Brian Harris: Okay. I’ll try to keep those in order. And if I don’t, please remind me at the end. First of all, the stock price, a little bit discouraging at times because when I sat down and I began to write the year-end review, I basically said, okay what did we do in 2022? We absolutely nailed the Fed correctly. We have the lowest we went from the highest cost of funds because of our corporate debt at the lowest cost of funds in the space. We have it for years to come, whereas you’re seeing a lot of other ways of raising money taking place in the space. And I think it’s a real differentiator for us this year. Our income our top-line income went through the roof because, again, our interest income was going up, but our interest expense was not really going up very quickly at all.

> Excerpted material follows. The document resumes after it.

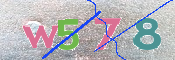キャプチャ画像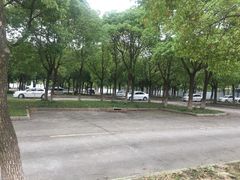 -安飞驰驾校·学车连锁(金高店)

So the whole plan worked, and our credit acumen did well. We didn’t have too much difficulty there. And for all of that, getting it right, the stock dropped from, I think it was, $11.90 something at the end of last year to a high 10 number or $10.99 this year. So, you really can’t fight to tape it is what it is. It was a tough year for all investors last year. And some parts of the stock market, I think the S&P was down 18%. Then of course, it was up 20%. So you try not to look at that too much. But we’re doing what we can do and controlling what we can control and sometimes, you get caught up in a little bit of narrative where you just get caught up in the whole market swings. So we’re not put off by it. We wanted to we pretty much told people we’re going to keep raising our dividend, which we did and each time we raise our dividend, the stock fell.

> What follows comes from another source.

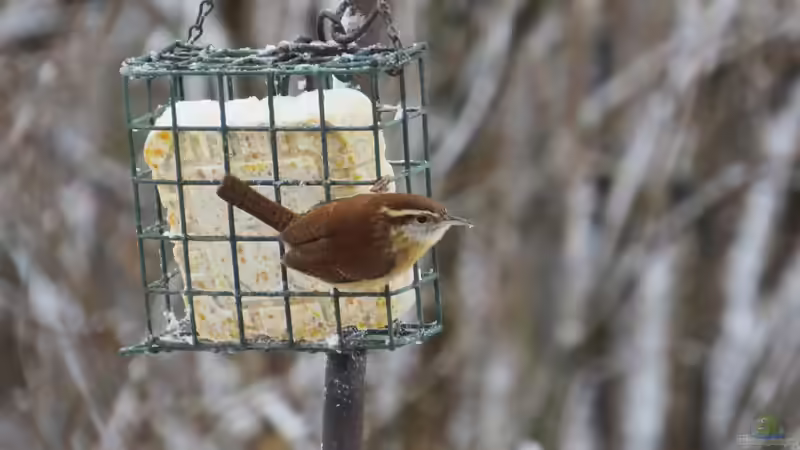 Den Zaunkönig im Winter füttern - So hilfst du dem kleinen Energiebündel sicher durch die kalte Jahreszeit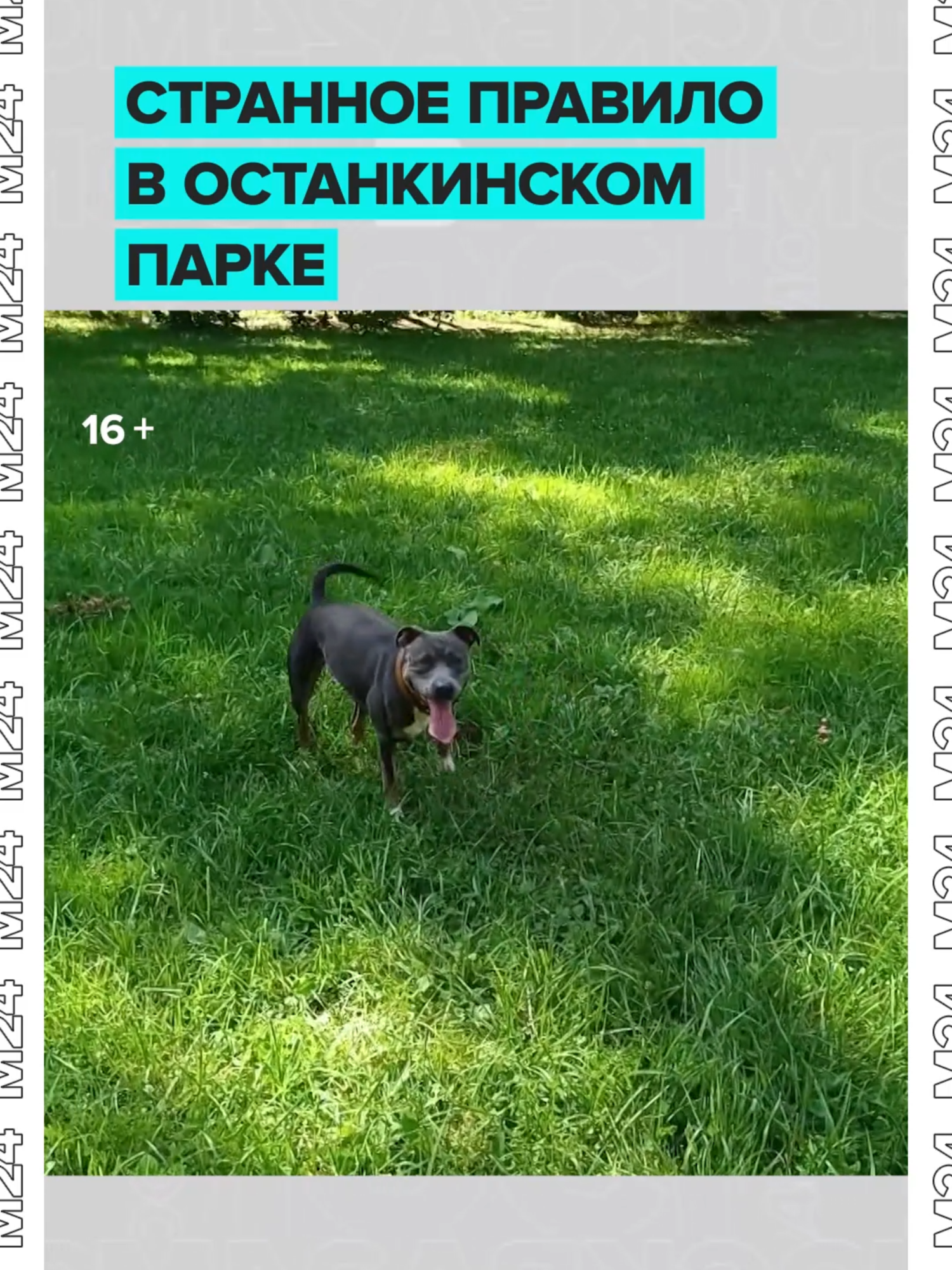 @Москва 24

So now we’re covering it very easily, and there’s always some version of the quality of earnings. You’ve covered your dividend because you sold some retail centers or we sold an office building. And we are now covering out a straight carry and rents. And it looks like, I personally defend, it’s going to keep raising rates here. If they do, we make more. Too much of a good thing obviously can be a problem. But at the end of the day, it’s a lot easier as a lender when rates are higher than when rates are lower. So we are very comfortable here. We think our income is with our leverage point below 2.0 we have a full turn we can put on to the company, and that those earnings would just go to the bottom-line if we use no leverage at all. Even our cash, we’ve been buying two-week treasuries, which I think today, we were buying at 4.6%.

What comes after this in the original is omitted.